The United Association has been training qualified pipe tradesmen longer than anyone else in the industry. The UA boasts the premier training programs available in the industry today, including five-year apprenticeship programs, extensive journeyman training organized instructor training, and certification programs.
History of Local 56

Halifax Local Union #56 was granted its UA charter in August 1908, as a Plumbers & Steamfitters combination local in the building, construction and metal trades divisions.

In August 1941 the charter was revised so as to include marine pipefitters and helpers because our members often branched out into the Dockyards as a means of sustaining steady employment.  In early 1954, the Dockyard Trades and Labour Council became a bargaining agent for all trades in the Dockyard.  The pipe shop members could not have Local 56 as their bargaining agent.  As they wanted to remain UA members, they applied for and received a charter and formed UA Local 282.
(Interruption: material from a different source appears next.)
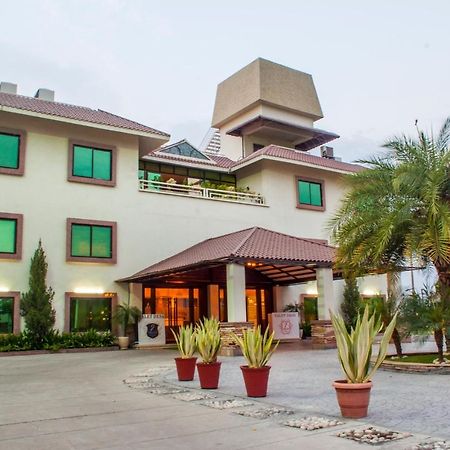 Jalsa Hotel & Banquets,Indore Exterior photo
It is of interest to note that Local 56 kept pace with the rise and fall of the fortunes of Halifax in the 20th century. Halifax being a military city prospered in war times and suffered economically in peacetime, resulting in good and bad times in the work force. Historian John G. Reid suggests that the Great Depression that swept the country in the thirties began as early as 1920 in Nova Scotia and lasted through the thirties until the start of World War II.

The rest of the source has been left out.